SAN JOSE — The City Council on Tuesday gave final approval to a $620,000 payout to settle a civil rights lawsuit filed by seven people who claimed they were unjustly targeted and injured by San Jose police trying to break up crowds during the downtown George Floyd protests five years ago.
Of the settlement amount, $500,000 will go to Derrick Sanderlin and his wife, Cayla. The couple sought damages after Sanderlin, while trying to calm tensions between a crowd of demonstrators and a police skirmish line, was shot in the groin with a police projectile by an officer near City Hall on the afternoon of May 29, 2020. His injury drew wide attention because he was an activist who once helped conduct bias training for San Jose police officers.
All of the plaintiffs were either observing or participating in San Jose demonstrations decrying the police killing of Floyd in Minneapolis on May 25, 2020, after he was accused of using a counterfeit $20 bill at a local store. Former Minneapolis police officer Derek Chauvin, who while restraining Floyd notoriously pressed his knee on a prone Floyd’s neck — prompting him to say “I can’t breathe” before he died — is currently serving a 22-year prison sentence.
Vera Clanton, a legal observer with the National Lawyers Guild, will receive $40,000 from the settlement. Clanton claimed her Fourth Amendment rights were violated May 31, 2020 when she was arrested and manhandled by police officers despite being there strictly to document the protests.
The remaining four plaintiffs will receive $20,000 apiece under the settlement terms, which include no admission of liability from the city. Breanna Contreras claimed she was peacefully demonstrating near City Hall on May 29, 2020 when she was hit in the right temple by a police projectile; officers fired hard foam rounds and lobbed tear gas to disperse crowds.
Pietro “Peter” di Donato claimed that on the same day he was complying with officers to back up when they fired munitions at demonstrators, one of which hit him in his left leg. That evening, Adira Sharkey claimed, she was peacefully demonstrating and had just given safety advice to a group of teens at the protest when she was hit in the ribs by a police round.
Joseph “JT” Stukes claimed he was participating in demonstrations on June 2, 2020 near City Hall when he was “rushed by dozens of SJPD officers,” and that as he tried to leave the scene, “he was purposely tripped from behind by an officer,” causing him to fall. Stukes alleged that while semi-prone, his right leg was hit by a foam round.
Prior to the settlement, the city had argued in legal filings that the four plaintiffs could not prove what caused their injuries, or that they were caused by police.
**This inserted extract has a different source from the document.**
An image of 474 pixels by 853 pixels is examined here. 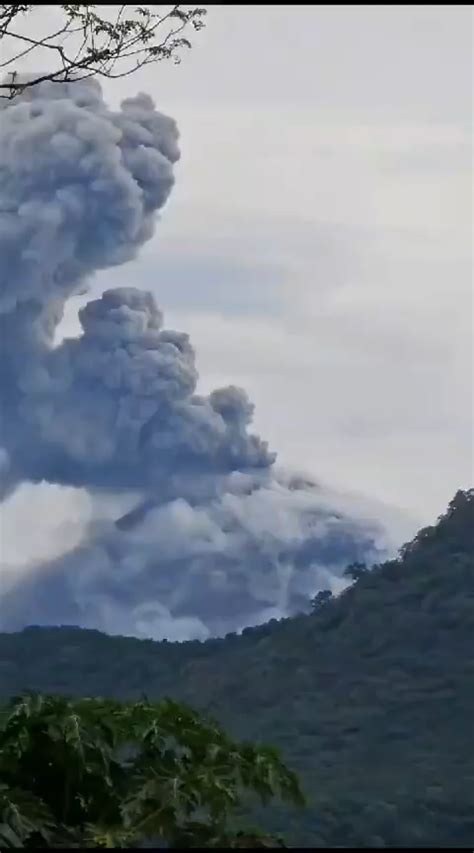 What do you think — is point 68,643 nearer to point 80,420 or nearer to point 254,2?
point 80,420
The settlement was reached in principle near the start of May, a few days before a federal civil trial was set to begin. The plaintiffs’ lawsuit was first filed in 2020 and was approved for trial by a district judge in March 2023. But the case was halted for a year and a half while the city mounted a challenge with the Ninth Circuit Court of Appeals, which upheld the crux of the lawsuit.
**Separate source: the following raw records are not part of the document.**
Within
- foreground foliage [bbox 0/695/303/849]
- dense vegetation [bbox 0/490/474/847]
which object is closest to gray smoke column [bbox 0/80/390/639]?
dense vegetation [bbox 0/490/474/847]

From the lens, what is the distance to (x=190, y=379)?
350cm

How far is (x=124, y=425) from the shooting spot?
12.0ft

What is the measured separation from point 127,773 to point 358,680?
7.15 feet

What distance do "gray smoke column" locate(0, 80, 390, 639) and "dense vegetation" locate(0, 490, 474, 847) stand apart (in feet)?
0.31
San Jose has paid at least $5 million in legal damages stemming from 2020 protest lawsuits. That includes a $1.3 million federal civil jury award earlier this year for a man who claims he was hit in the leg with a police projectile. In 2023, the city paid $3.3 million to settle a lawsuit from several people injured during the protests, including a bystander who lost his eye after he was hit by a police round.